[Opening Data extract section]
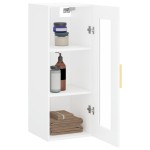 vidaXL Dulap montat pe perete, alb, 34,5x34x90 cm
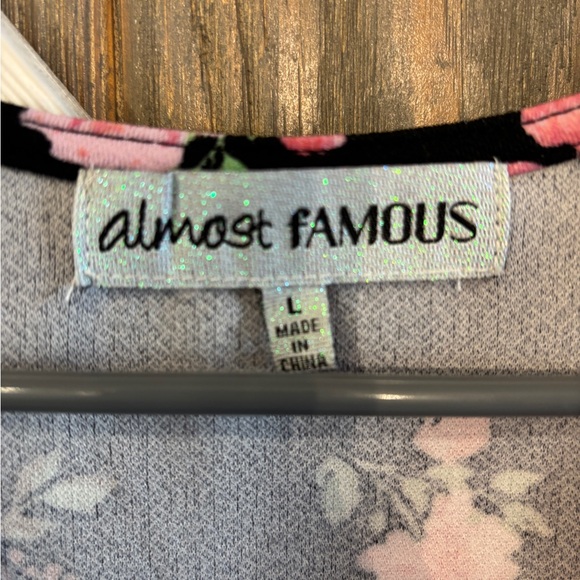 Almost Famous Black Floral Faux Wrap Mini Dress Sz large - Picture 2 of 6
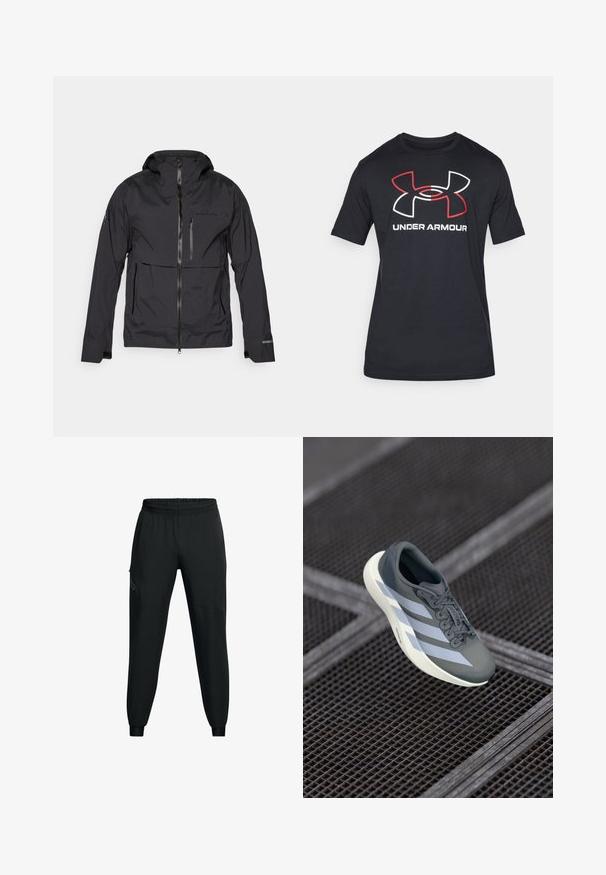 Black waterproof jacket with a zip front, adjustable hood, and multiple pockets. Features smooth texture and logo detail on the chest.; Black short-sleeve t-shirt made from lightweight fabric featuring a large red and white Under Armour logo on the front.; Black athletic pants with an elastic waistband, tapered leg design, side pockets, and contrasting panel details. Lightweight, smooth fabric.; Sport shoe in gray and white, made of synthetic material, with a streamlined design, textured finish, and prominent lacing system.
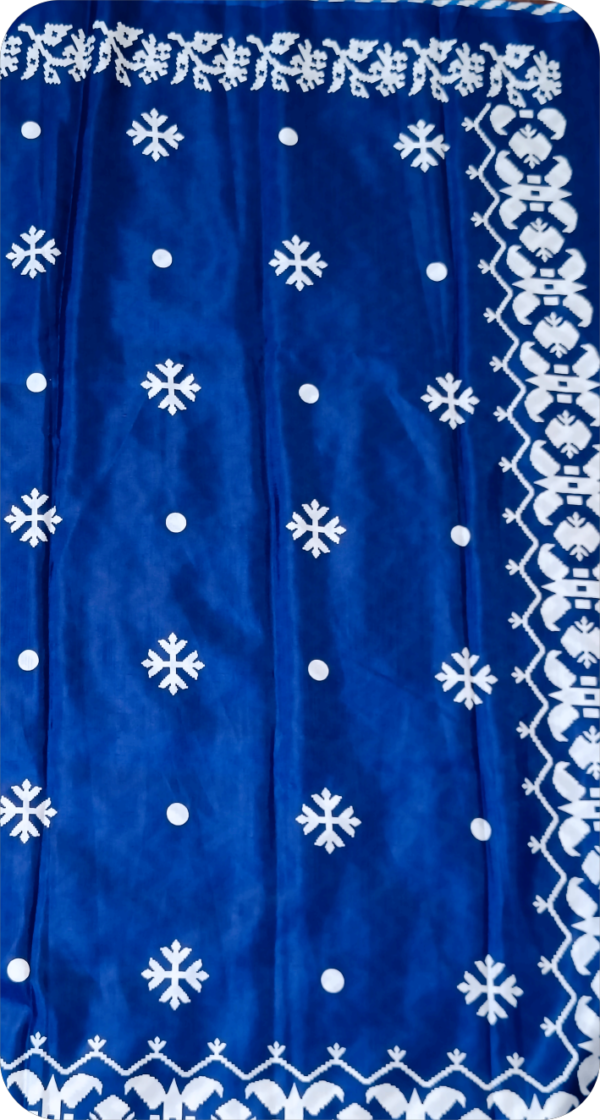~ Meenaxi~ Navy Blue Cotton Silk Saree - Image 5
[Closing Data extract section]
[Exercise requirements]
No picture is to be included when the lines from the one containing "Almost Famous Black" through the end of the material above are output exactly; nothing else is written.

[Task output]
 Almost Famous Black Floral Faux Wrap Mini Dress Sz large - Picture 2 of 6
 Black waterproof jacket with a zip front, adjustable hood, and multiple pockets. Features smooth texture and logo detail on the chest.; Black short-sleeve t-shirt made from lightweight fabric featuring a large red and white Under Armour logo on the front.; Black athletic pants with an elastic waistband, tapered leg design, side pockets, and contrasting panel details. Lightweight, smooth fabric.; Sport shoe in gray and white, made of synthetic material, with a streamlined design, textured finish, and prominent lacing system.
~ Meenaxi~ Navy Blue Cotton Silk Saree - Image 5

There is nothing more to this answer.